Historicamente costumou-se convencer os nascidos pobres, que por um destino natural, seu maior progresso seria sobreviver com um pouco mais de dignidade trabalhando mais e melhor que seus pais. Assim a escola que deveriam frequentar é a que os profissionaliza para poderem sobreviver silenciosamente sem questionar se o destino que lhe foi dado é efetivamente natural. A culpa de sua pobreza e submissão decorre do natural motivo de ter nascido pobre.
Os que ascendem legitimamente por meio de oportunidades e rompem com este ciclo histórico de destino, por vezes esquecem sua origem, escancaram práticas e discursos preconceituosos. Para estes, sua ascensão é fruto exclusivo de seus méritos e a culpa da estagnação da maioria é de sua preguiça e falta de vontade. Desconhecem a seletividade típica da sociedade em que as oportunidades não são iguais para todos. Mais do que isso, reverenciam a elite a quem entregam todo o poder, por mais ranzinza e mesquinha que possa ser, como denunciava o saudoso Darcy Ribeiro.
Nascer e viver mulher também não é tarefa fácil. O padrão que se estabelece como natural, é o de submissão da mulher ao homem conforme descreve Marina Colassanti em sua crônica Para que ninguém a quisesse. Se for pobre e/ou negra a culpa torna-se ainda pior e a condenação ainda mais cruel. Se for estuprada e por acaso não for do tipo recatada e do lar, o estuprador torna-se vítima da imoralidade feminina.
No país das muitas culpas, o jovem marginal não escapa à execração pública. Ao contrário, na clássica versão do “vai trabalhar vagabundo” é visto como vadio e seu delito facilmente é considerado passivo de pena de morte, afinal bandido bom é bandido morto. Já o megamarginal do colarinho branco, arrasta malas de dinheiro público tem seus delitos perdoados pelo esquecimento coletivo. Seu “deslize” é atribuído a problemas de natureza psicológica ou de convivência com situações que lhe permitem roubar ou então por que as leis são muito brandas. Se o pequeno marginal é sem caráter o mega foi estimulado a fazer pelas circunstancias.

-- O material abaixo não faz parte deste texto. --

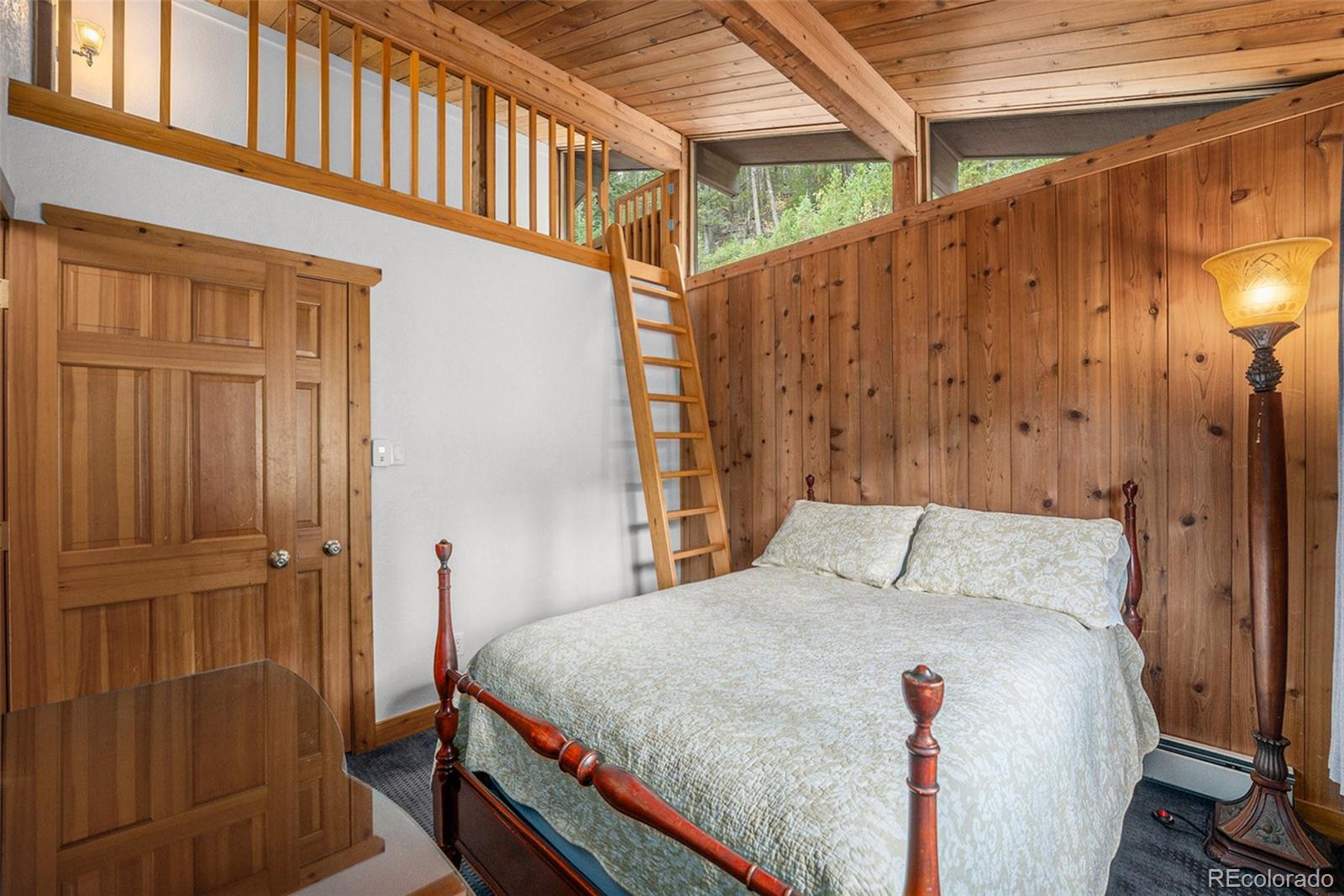 1774 Upper Bear Creek Road Evergreen, CO 80439 - Photo 21 of 43 a bed room with a bed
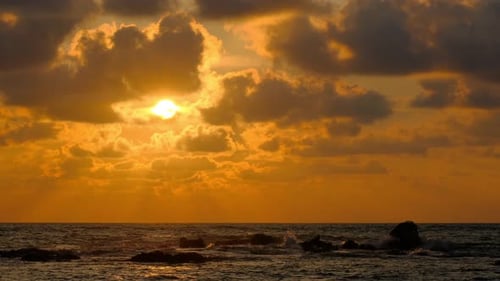 Timelapse of dramatic sunset with orange sky in a cloudy day at a sea shore.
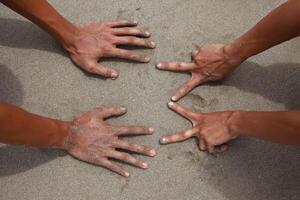 symbolizing unity, collaboration, and shared human connection at the beach photo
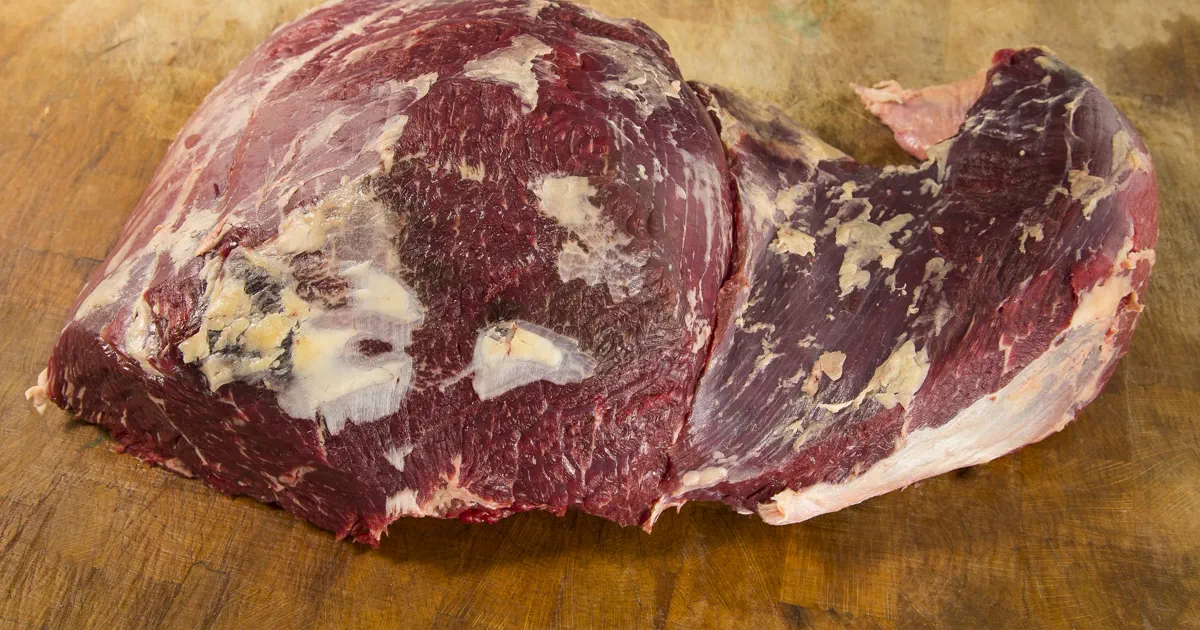 Pieza de vacuno con grasa visible sobre tabla para guía sobre carne de calidad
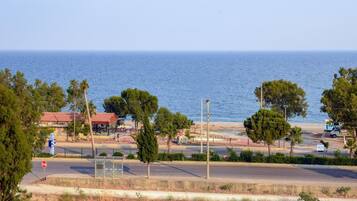 Una carretera costanera amb una vista despejada del mar, una àrea de pàrquing i un edifici amb teulada vermella.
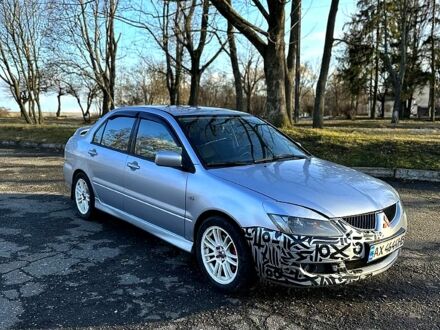 Сірий Міцубісі Lancer, об'ємом двигуна 2 л та пробігом 240 тис. км за 4200 $, фото 1 на Automoto.ua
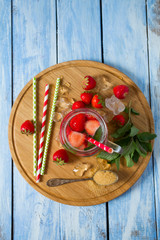 strawberry lemonade on wooden surface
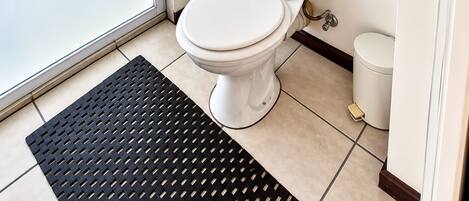 Une petite salle de bain propre, équipée de toilettes, d’un bidet et d’une petite poubelle. Il y a un tapis noir sur le sol et deux tableaux encadrés au mur.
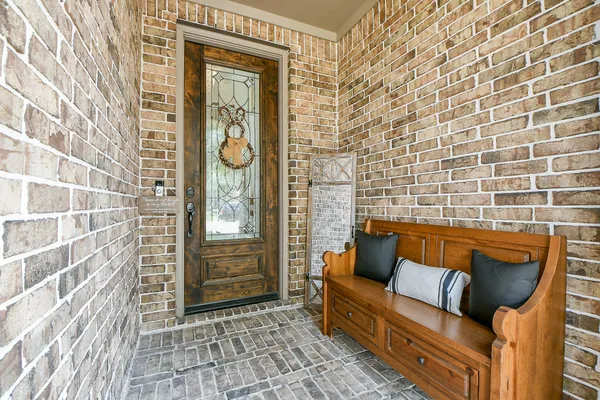 a view of a wooden bench sitting in front of a door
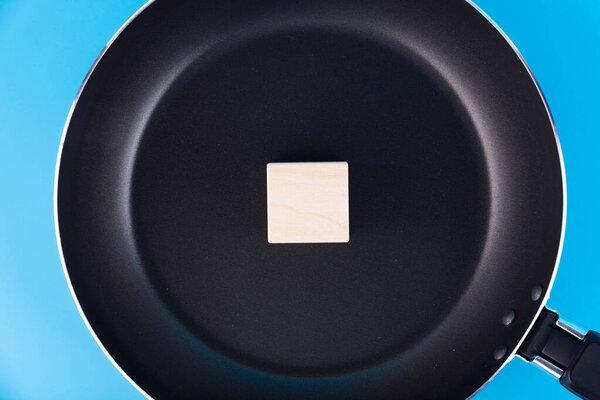 The concept of writing text, symbol, sign on a wooden block, cube of one letters, lying in a frying pan. Idea, frying. hot wi fi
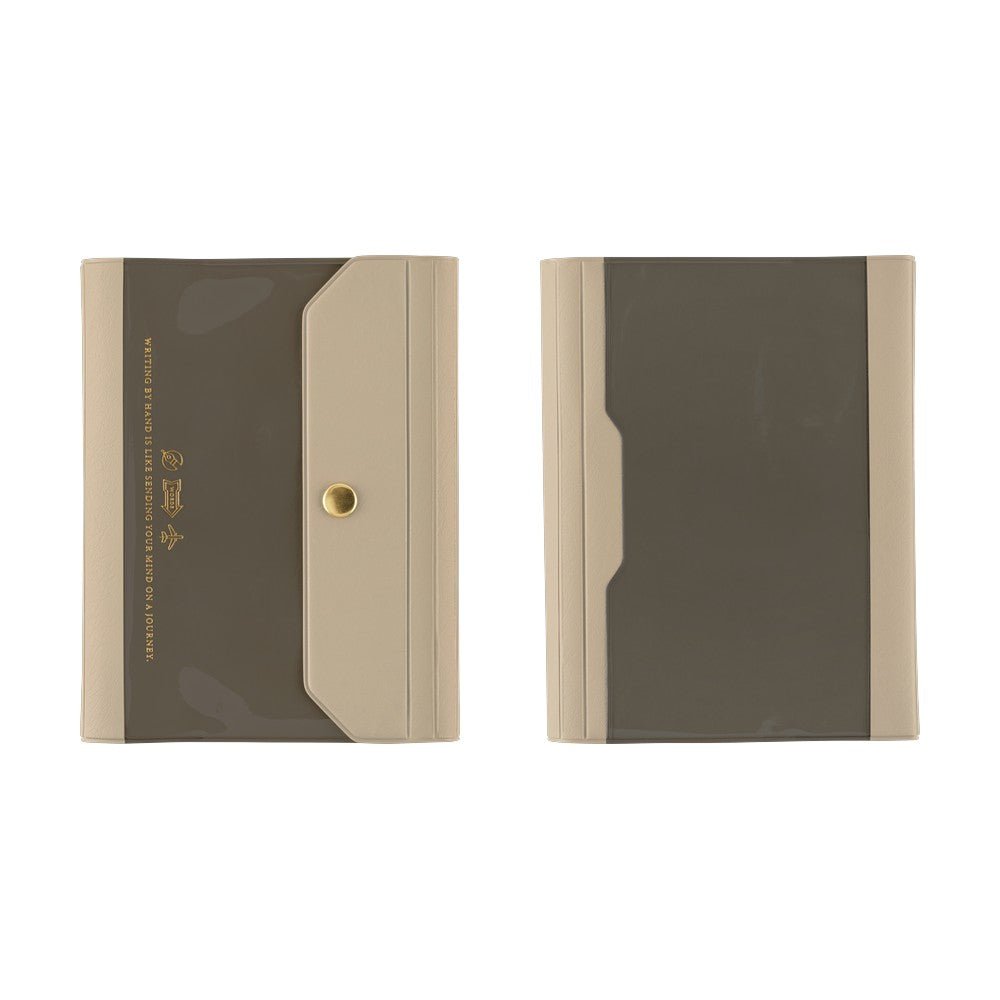 Two slim A6 notebook covers shown side by side on a plain white background. Each has a dark taupe-brown front panel with a beige side border and a small gold snap/button detail on the left item.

Ao final de tudo, como os pobres são preguiçosos e incapazes, alguns que se julgam de “bom coração”, apesar de considerar políticas públicas de distribuição de renda um prêmio a vadiagem, fazem pequenas doações, criam ONGs ou fundações para fazer caridade. São os mesmos que estrategicamente desejam extinguir direitos dos mais fragilizados para condená-los à uma condição “natural” de pobreza e miséria.
Num pais de condenados à ignorância, à submissão e à subserviência é evidente que o opressor distribui a culpa entre suas vítimas que a aceitam e a incorporam. Assim, por gerações, viu-se uma legião de pessoas nascendo condenadas e alguns poucos vivendo e morrendo impunes.